I did not manage to venture abroad even for a brief visit until graduate school, and of course now I live abroad.  So it’s like a super-extended study abroad program that I’m in, except that I have to try to function like an adult here as well (reminding me again how much easier this is to do as a student than as a grown-up!)  It feels that way sometimes too, especially when I start questioning if this has been a valuable experience but too strange to make permanent.  That said, I found very interesting this quote from the NYT article:

Frederick D. S. Choi, dean of Stern’s undergraduate college, said the trips sensitize students to different cultures and business styles in a way that books cannot.

”They grow up with the confidence that America is the greatest and does everything best,” Mr. Choi said.

”The fact is that the world is full of very astute people, and students have to realize that things are done differently in different parts of the world for good reason,” he added.

Now I read Mr. Choi’s comments with some degree of amusement.   I hate to say it, but in some ways I disagree with the last part especially.  I am all for broadening horizons and exploring the world, but at the end of the day the American economy is quite dominant and whether we all like it or not, America is the only standing superpower.  The thing that makes it work, imperfect as it is, is in my mind the cultural melting pot and assimilation of the way “things are done differently” in the world–in that regard, you would want to send a student around the world to see the origins of all of the things that America has already adopted, taking the best bits of many different cultures, and integrating them into a system that continues to thrive, grow and evolve with market forces.  It’s a very interesting thing.   So I generally agree with Mr. Choi but not without some degree of qualification of what he is saying.  Two years ago I would have claimed the English college education system was far superior to that in America.  I would not say the same thing now after having lived in England.  I’m not sure a semester or summer study abroad program would have been enough for me to have seen that and made that comparison.  I can’t possibly comment since I have not had the opportunity to be here as a student, only as a worker.   But nothing has made me appreciate America as much as stepping outside of it for a while.


3 responses to “Studying abroad

  1. “the American economy is quite dominant and whether we all like it or not, America is the only standing superpower….”

    Oh, my. Well, this is changing. Really. I heartily encourage you to consider India and China in terms of the massive changes in the global economy that are already taking place, and as for being a “superpower”, well, I’m not sure what your definition is but I’d say that this is certainly being called into question.

    One of the problems with study abroad, as you mention, is that you don’t get a clear picture after a semester of living in a place, especially if you are surrounded by American students who are doing the same thing. It takes time to develop perspective, and it’s hard to know where the US stands–and where it SEEMS to stand–unless you spend a lot of time in various countires.

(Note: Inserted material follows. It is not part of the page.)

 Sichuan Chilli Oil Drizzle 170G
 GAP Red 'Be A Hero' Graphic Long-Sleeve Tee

    I applaud you for living abroad–and encourage everyone to try it! It’s becoming an essential part of any good quality education.

    I’m writing a book on this subject–and perhaps you’d like to be interviewed? Take a look at my blog at and let me know if you have some comments or stories to share.

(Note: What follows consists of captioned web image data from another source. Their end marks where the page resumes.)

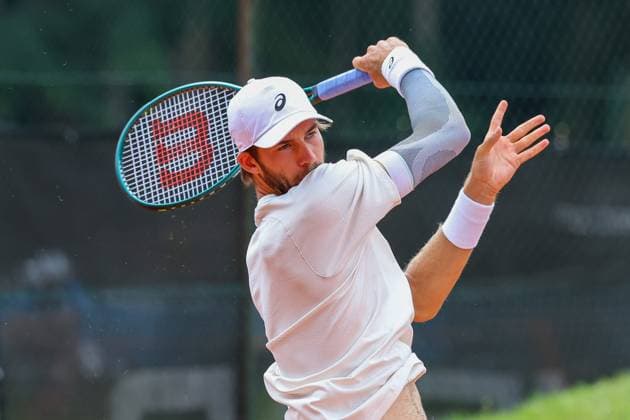 Henri Squire GER , ATP Challenger Swabia Open, Men, Round of 16, Tennis, 20 08 2025 Augsburg Bavaria Germany Copyright: xkolbert-press ChristianxKolbertx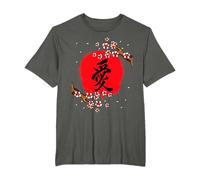 Kanji Japonais Fleur de Cerisier Tokio Japon Nature Jpop T-Shirt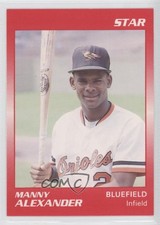 1989 Star Minor League Manny Alexander #114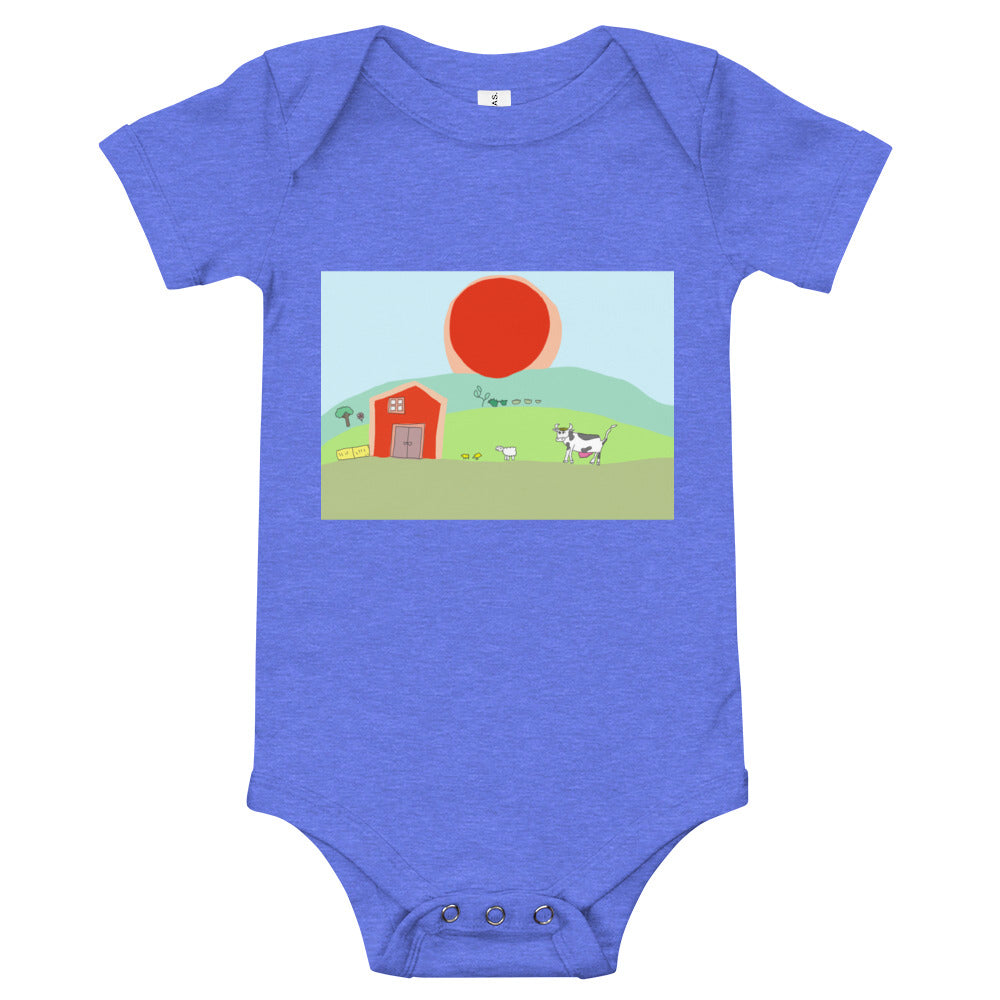 Baby short sleeve one piece - Farmyard Fun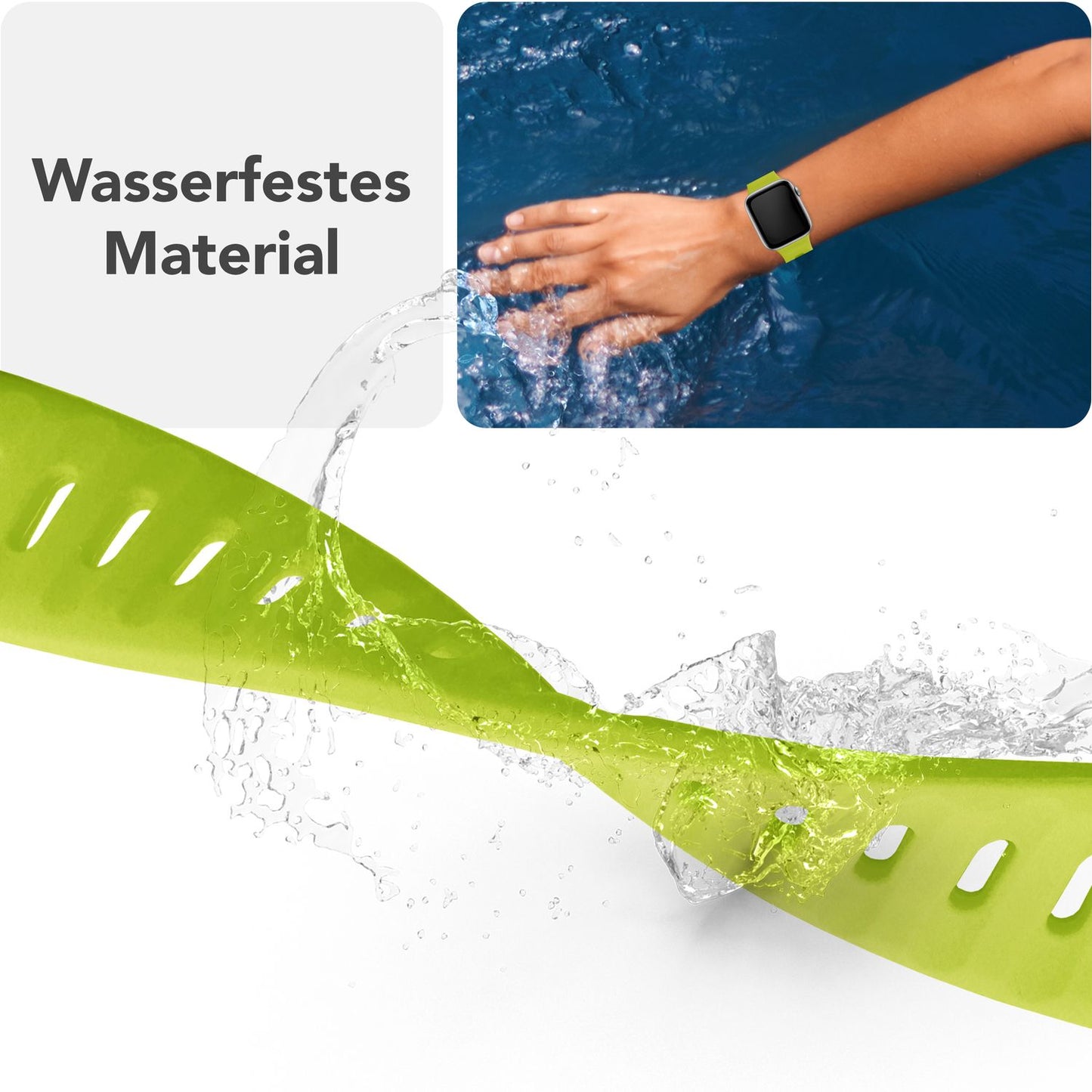 NALIA Motion Armband für Apple Watch Ultra/SE/10/9/8/7/6/5/4/3/2/1, Gehäusegröße 42/44/45/46/49mm, Soft Silikon Ersatz Sportarmband mit Steck-Pin Verschluss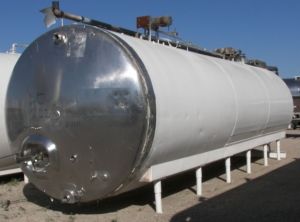 Others 10,000 Gallon Horizontal Refrigerated Jacketed Tank Horizontal Refrigerated Tank 10,000 Gallon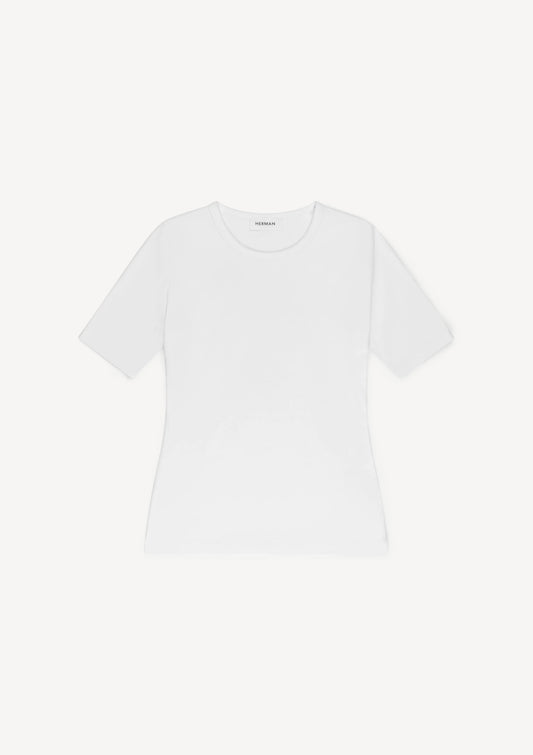 Herman | Fitted Tee White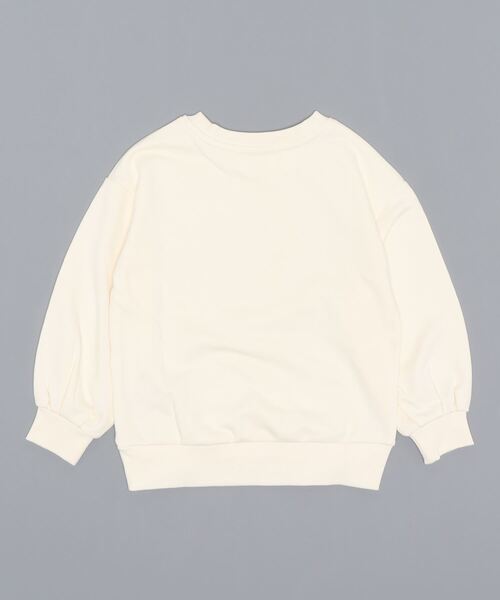 DISCOAT（ディスコート）の「【キッズ】オソロカレッジロゴビッグサイズスウェット（Tシャツ/カットソー・キッズ・チャコールグレー/ライトグレー/アイボリー・140/120/130）」の4枚目の写真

    Thanks for sharing on this blog!

    Maya Frost

  2. notfromaroundhere

    In my opinion this is not changing fast enough or severely enough to warrant the widespread hype and occasional fear of China and India. Yes the populations are large. But in both cases, you are dealing with an extraordinarily closed society with many, many barriers to upward mobility. That is in the absence of further considerations about the value of females in the overall structure: in parts of both China and India the gender balance in the youngest generations has gone dominantly male (approaching 60-40) due to the almost unfathomable rate of selective abortion of female fetuses. This is a clear indication of two things, that women are not valued as part of the economic engine, and that people are immune to the considerations of the way that these sorts of imbalances will impact the greater part of society. Until these sorts of issues are addressed, I think it will be a long time before China and India are the threats that people perceive them to be.

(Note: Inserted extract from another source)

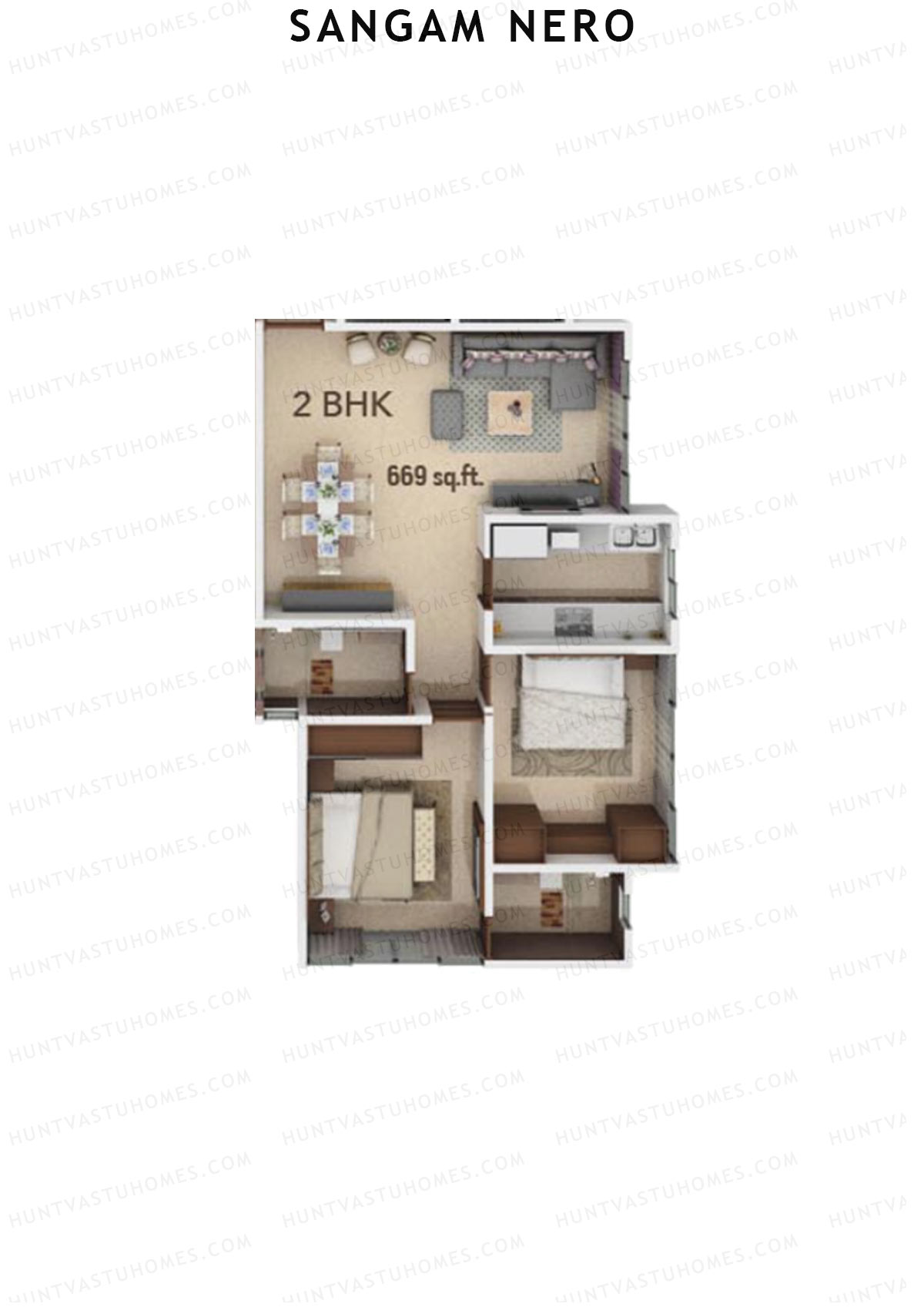 Sangam Nero Wing A Unit 1 Floor Plan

  3. I interpret that last line from Choi to mean that for Americans to do business and cooperate with companies in other cultures, they need to spend time there learning the language and culture. For example, whatever the nature of the current economic bubble China is in, there are a million ways for American businesspeople to offend Chinese clients or collaborators out of sheer ignorance… and a million ways they will be offended if they don’t know enough about the culture. There are also sometimes very good reasons why you have to go through certain channels or jump through certain hoops to do business in China that are based on cultural factors. That’s to say nothing of linguistic misunderstandings… so we might all operate on the same basic free market capitalist system, but the nuances of human interaction still require on-site study.